L'élection du prochain président du Parlement de Strasbourg ne sera pas une simple formalité. Les grandes formations politiques traditionnelles n'ayant pas réussi à s'entendre, les souverainistes pourraient s'engouffrer dans la brèche.

Les partis dominants «europhiles» du parlement européen ne pouvaient pas aborder l'élection du prochain président du parlement européen dans de pires conditions. D'autant qu'ils ont créé eux-mêmes cette situation après avoir échoué à s'entendre. Le Parti populaire européen (PPE, droite et centre droit), le Parti socialiste européen (PSE), et Alliance des démocrates et des libéraux pour l'Europe (ALDE) : chacune des grandes formations europénnes présente son propre candidat, et aucun ne semble pouvoir obtenir la majorité absolue dès le premier tour de scrutin.

Après le renoncement de l'actuel président Martin Schulz, lequel ne briguera pas un troisième mandat afin de se lancer dans le jeu politique domestique allemand, les députés européens n'en finissent pas de se déchirer. Et les partis anti-européens ne comptent pas leur faciliter les choses.

Les groupes politiques européens en ordre dispersé

Les alliances stratégiques explosent donc en plein vol au dernier moment et les grands partis du parlement européens se présentent à l'élection du président du parlement européen en ordre dispersé. 

Dénonçant ni plus ni moins qu'une «trahison», le président du PPE Parti populaire européen (droite) Manfred Weber a ainsi fustigé ses anciens alliés socio-démocrates du Parti socialiste européen (PSE). Le libéral Guy Verhofstadt a même jeté l'éponge et s'est retiré de la course après avoir tenté une alliance presque contre-nature avec le Mouvement 5 étoiles (M5S) de l'italien Beppe Grillo. Une initiative qui avait déclenché un tollé et une pluie de critiques de la part des députés de l'ALDE.

Stratégies hasardeuses 

Le M5S se situe en effet aux antipodes du projet européiste du parti de l'Alliance des démocrates et des libéraux pour l'Europe (ALDE), qui avait qualifié un tel accord avec l'un des partis les plus anti-immigration et «europhobe» du parlement européen, de «cauchemar absolu» et de «danger populiste pour l'Europe», selon la rhétorique anxiogène commune.

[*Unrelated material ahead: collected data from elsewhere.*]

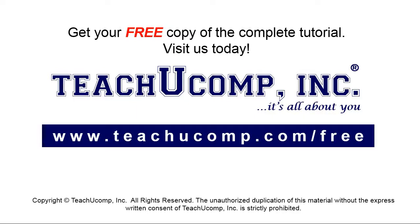Get your free copy of the complete tutorial at www.teachyoucomp.com/free.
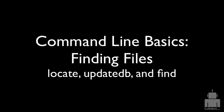In this command line basics video, we're going to be looking at how you can find files within the command line system. We're going to be looking at three commands: locate and update DB, those two go together, and then the find command. They're kind of two different approaches, so we'll look at both of them and what the differences are between them and how to use both of them.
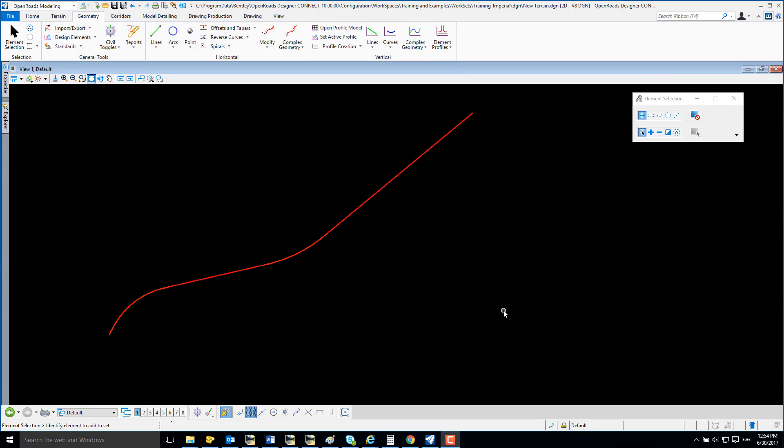In this video, I will demonstrate how quickly and easy it is to create a terrain from a corridor using OpenRoads Designer Connect Edition.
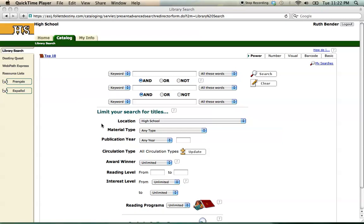To make a resource list, you must be logged in, with your name appearing in the upper right-hand corner like mine is.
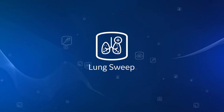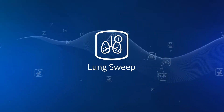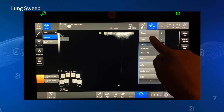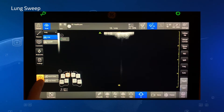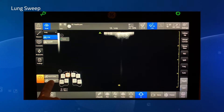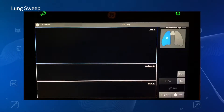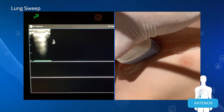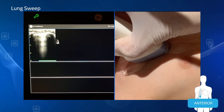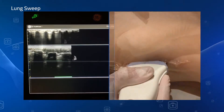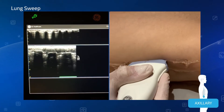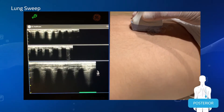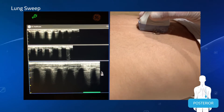Lung Sweep, a rapid visualization tool, provides a dynamic panoramic view of the entire lung in three views: anterior, axillary, and posterior views.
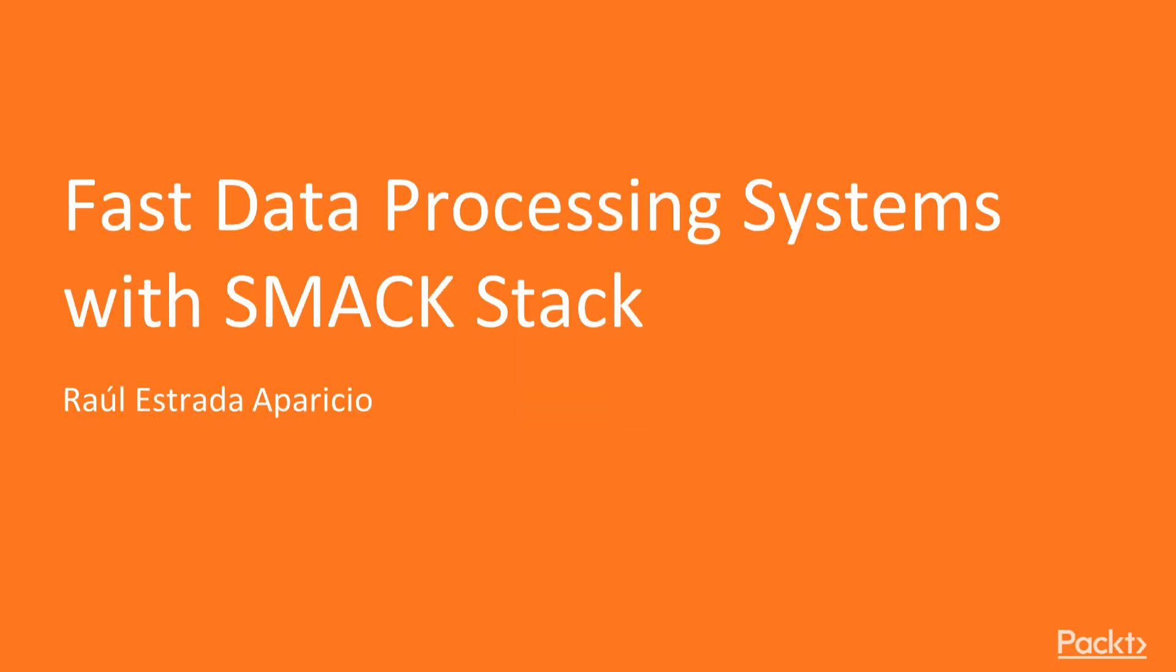Welcome to the video course, Fast Data Processing Systems with SMACK Stack, by Raul Estrada Aparicio. A video course by Packt Publishing.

Si aucun des partis souverainistes ne présente de candidat ayant de véritables chances de l'emporter, l'élection du prochain président du parlement européen, ainsi que de 14 vice-présidents, risque de se faire dans la douleur. L'Ukip comme le M5S ou encore le groupe Europe des nations et des libertés (ENL) dont font partie les députés européens du Front national, n'ont pas l'intention de leur faciliter les choses.

Un prochain président affaibli ?

Le prochain président du parlement sera vraisemblablement italien. Les deux candidats principaux, un peu par défaut, sont un certain Antonio Tajani pour le PPE et Gianni Pittella pour le PSE. Mais aucun n'est connu du grand public, pour qui le Parlement européen reste une institution éloignée de leurs préoccupations quotidiennes.

Et ce, alors que l'Union européenne traverse une grave crise de confiance et que le prochain président de l'organe législatif de l'Union européenne aura bien besoin de paraître le plus légitime possible. D'autant qu'il succédera à Martin Schulz, lequel a su utiliser le traité de Lisbonne (2009), pour poser les bases d'une présidence forte.

Les règles prévoient que le président doit être élu à la majorité des voix. Si aucun candidat n'atteint les 50%, trois tours de scrutin sont prévus. Au quatrième et dernier tour, c'est le candidat ayant la majorité relative qui l'emporte.